We want a God who will accomplish our will, not His. We want a God who will deliver us from misfortune to fortune. We want a God who will let us alone. But the real God loves us too much for that.  

How many people would describe God as a “cosmic kill joy”, the purveyor of “hellfire and brimstone”, and the Angry One who is “too judgmental”? Why have Christians sometimes taught that the wrathful, vengeful God of the Old Testament is not the same God as the loving, forgiving One of the New Testament? How many of my patients, especially those from Catholic traditions, endure a guilty, joyless relationship with their Creator? Why does it seem that no one is ever good enough to please Him?

The God described in the Bible possesses non-moral attributes such as His power, His knowledge, and His eternal existence.

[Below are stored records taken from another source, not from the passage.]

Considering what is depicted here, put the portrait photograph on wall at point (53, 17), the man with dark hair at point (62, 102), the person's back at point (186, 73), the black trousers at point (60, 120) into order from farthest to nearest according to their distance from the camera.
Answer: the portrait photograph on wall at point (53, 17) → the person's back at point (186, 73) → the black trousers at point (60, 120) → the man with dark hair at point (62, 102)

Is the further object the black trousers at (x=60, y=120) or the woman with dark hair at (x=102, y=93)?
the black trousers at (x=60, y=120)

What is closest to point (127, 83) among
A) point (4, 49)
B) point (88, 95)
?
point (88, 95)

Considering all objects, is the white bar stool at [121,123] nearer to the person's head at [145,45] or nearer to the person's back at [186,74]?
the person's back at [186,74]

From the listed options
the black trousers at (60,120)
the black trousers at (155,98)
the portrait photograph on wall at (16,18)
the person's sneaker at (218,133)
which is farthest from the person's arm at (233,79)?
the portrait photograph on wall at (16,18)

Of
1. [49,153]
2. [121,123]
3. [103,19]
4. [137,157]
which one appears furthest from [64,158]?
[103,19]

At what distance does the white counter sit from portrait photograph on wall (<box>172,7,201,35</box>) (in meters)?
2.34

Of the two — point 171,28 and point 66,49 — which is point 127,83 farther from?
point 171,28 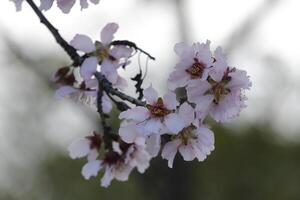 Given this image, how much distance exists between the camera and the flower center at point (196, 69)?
4.49 feet

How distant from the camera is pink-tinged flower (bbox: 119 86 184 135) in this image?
1.35 m

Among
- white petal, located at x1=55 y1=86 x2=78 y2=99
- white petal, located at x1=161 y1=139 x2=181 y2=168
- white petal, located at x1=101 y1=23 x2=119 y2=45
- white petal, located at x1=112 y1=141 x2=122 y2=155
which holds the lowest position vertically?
white petal, located at x1=112 y1=141 x2=122 y2=155

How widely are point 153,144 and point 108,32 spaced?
30cm

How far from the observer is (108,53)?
5.20 ft

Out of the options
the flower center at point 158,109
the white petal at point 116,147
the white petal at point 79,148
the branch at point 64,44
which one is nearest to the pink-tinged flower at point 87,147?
the white petal at point 79,148

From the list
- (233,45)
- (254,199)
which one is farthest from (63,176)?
(233,45)

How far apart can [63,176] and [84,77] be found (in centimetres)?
931

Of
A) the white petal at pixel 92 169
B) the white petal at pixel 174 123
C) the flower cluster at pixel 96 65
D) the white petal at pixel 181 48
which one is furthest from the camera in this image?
the white petal at pixel 92 169

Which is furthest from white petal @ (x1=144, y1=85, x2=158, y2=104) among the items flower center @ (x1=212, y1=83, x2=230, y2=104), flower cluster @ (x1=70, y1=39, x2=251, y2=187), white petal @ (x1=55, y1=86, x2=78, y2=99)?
white petal @ (x1=55, y1=86, x2=78, y2=99)

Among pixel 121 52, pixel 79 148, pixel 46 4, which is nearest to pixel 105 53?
pixel 121 52

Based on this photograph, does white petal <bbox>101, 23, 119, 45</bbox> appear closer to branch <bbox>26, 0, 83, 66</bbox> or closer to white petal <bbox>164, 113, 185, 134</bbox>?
branch <bbox>26, 0, 83, 66</bbox>

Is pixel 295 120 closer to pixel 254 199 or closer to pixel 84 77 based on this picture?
pixel 254 199

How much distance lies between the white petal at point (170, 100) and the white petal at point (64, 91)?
0.93ft

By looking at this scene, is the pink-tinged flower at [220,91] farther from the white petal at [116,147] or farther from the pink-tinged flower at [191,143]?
the white petal at [116,147] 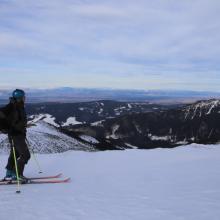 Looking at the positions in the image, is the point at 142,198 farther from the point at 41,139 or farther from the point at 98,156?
the point at 41,139

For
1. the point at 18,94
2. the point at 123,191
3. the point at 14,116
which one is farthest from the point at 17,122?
the point at 123,191

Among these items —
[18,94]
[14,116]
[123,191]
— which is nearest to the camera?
[123,191]

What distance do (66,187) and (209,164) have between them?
6.87 metres

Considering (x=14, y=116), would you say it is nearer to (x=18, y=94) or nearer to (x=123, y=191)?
(x=18, y=94)

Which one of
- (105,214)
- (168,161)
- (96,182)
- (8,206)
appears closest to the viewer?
(105,214)

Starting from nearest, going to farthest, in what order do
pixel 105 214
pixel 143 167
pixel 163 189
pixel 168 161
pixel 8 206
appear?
1. pixel 105 214
2. pixel 8 206
3. pixel 163 189
4. pixel 143 167
5. pixel 168 161

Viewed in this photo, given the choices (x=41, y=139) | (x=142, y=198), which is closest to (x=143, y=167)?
(x=142, y=198)

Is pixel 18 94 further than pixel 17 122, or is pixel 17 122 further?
pixel 17 122

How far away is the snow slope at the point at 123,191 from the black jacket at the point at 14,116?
65.5 inches

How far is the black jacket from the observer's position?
42.1ft

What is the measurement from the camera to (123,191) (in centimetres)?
1194

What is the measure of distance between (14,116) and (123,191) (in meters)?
3.71

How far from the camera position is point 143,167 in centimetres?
1655

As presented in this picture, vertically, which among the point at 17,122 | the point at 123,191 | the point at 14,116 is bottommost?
the point at 123,191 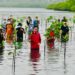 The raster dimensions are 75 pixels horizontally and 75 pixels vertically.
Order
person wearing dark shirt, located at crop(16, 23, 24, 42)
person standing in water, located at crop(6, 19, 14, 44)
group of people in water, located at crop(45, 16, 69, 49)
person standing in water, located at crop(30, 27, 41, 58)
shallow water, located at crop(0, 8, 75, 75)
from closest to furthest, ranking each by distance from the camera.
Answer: shallow water, located at crop(0, 8, 75, 75) → person standing in water, located at crop(30, 27, 41, 58) → group of people in water, located at crop(45, 16, 69, 49) → person wearing dark shirt, located at crop(16, 23, 24, 42) → person standing in water, located at crop(6, 19, 14, 44)

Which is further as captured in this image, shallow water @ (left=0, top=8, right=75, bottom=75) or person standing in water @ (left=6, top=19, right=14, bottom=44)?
person standing in water @ (left=6, top=19, right=14, bottom=44)

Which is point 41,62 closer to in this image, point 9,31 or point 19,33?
point 19,33

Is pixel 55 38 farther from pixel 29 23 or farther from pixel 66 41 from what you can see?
pixel 29 23

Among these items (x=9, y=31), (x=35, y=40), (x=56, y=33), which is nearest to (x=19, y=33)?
(x=9, y=31)

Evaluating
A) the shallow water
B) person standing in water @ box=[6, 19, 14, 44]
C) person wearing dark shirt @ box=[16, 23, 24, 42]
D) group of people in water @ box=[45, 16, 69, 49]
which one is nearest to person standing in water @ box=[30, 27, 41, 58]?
the shallow water

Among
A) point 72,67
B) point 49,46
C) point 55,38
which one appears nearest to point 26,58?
point 72,67

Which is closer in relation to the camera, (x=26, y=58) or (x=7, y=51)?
(x=26, y=58)

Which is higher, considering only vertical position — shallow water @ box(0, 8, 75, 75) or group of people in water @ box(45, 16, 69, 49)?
group of people in water @ box(45, 16, 69, 49)

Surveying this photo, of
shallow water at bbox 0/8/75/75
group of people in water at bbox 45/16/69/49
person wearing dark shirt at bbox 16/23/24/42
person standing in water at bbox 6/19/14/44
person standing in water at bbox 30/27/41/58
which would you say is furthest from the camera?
person standing in water at bbox 6/19/14/44

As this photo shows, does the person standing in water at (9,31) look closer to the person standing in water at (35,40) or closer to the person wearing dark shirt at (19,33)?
the person wearing dark shirt at (19,33)

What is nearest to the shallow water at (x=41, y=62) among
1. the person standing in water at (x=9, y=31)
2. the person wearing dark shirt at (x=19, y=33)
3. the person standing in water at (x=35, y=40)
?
the person standing in water at (x=35, y=40)

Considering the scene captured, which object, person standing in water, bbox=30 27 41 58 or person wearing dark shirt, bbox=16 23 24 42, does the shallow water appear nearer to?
person standing in water, bbox=30 27 41 58

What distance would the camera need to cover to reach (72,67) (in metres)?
25.9

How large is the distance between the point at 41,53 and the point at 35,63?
451cm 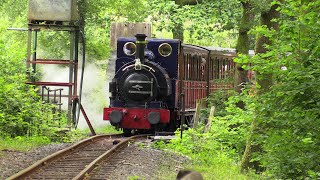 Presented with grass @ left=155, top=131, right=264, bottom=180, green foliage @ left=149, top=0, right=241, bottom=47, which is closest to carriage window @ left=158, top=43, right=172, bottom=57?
green foliage @ left=149, top=0, right=241, bottom=47

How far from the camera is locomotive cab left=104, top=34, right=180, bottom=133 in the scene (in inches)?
839

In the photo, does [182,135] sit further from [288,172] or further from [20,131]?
[288,172]

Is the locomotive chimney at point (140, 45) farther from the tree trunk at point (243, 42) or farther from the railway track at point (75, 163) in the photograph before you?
the railway track at point (75, 163)

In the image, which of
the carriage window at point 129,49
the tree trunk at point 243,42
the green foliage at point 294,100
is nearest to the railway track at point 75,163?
the green foliage at point 294,100

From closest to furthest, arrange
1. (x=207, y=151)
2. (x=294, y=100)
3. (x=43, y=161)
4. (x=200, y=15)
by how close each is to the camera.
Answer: (x=294, y=100) → (x=43, y=161) → (x=207, y=151) → (x=200, y=15)

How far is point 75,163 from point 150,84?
7.32 m

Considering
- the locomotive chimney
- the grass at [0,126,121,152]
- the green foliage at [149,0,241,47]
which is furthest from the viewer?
the green foliage at [149,0,241,47]

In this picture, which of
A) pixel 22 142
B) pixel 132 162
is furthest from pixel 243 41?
pixel 132 162

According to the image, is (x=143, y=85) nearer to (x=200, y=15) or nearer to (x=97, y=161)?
(x=200, y=15)

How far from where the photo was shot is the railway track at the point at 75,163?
12.3 metres

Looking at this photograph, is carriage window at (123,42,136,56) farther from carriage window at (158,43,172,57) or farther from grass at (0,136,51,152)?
grass at (0,136,51,152)

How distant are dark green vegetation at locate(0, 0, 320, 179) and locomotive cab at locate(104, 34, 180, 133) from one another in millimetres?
1478

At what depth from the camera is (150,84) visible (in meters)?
21.3

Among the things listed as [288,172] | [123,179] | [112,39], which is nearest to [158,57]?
[112,39]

He also possesses moral attributes such as holiness and moral perfection. Ultimately God is the Holy Other, absolutely unlike anything else in the universe (Isaiah 46:9, Jeremiah 10:6). The angels in Isaiah 6:3 proclaimed “Holy, holy, holy is the Lord of Hosts. The whole earth is full of His glory.” The Hebrew word “holy” (קדוש qadowsh) describes something completely set apart from anything else, and the use of the word three times provides the greatest possible emphasis. The term also connotes absolute moral purity and freedom from defilement. There is not the slightest hint of wickedness, or even selfishness, in God.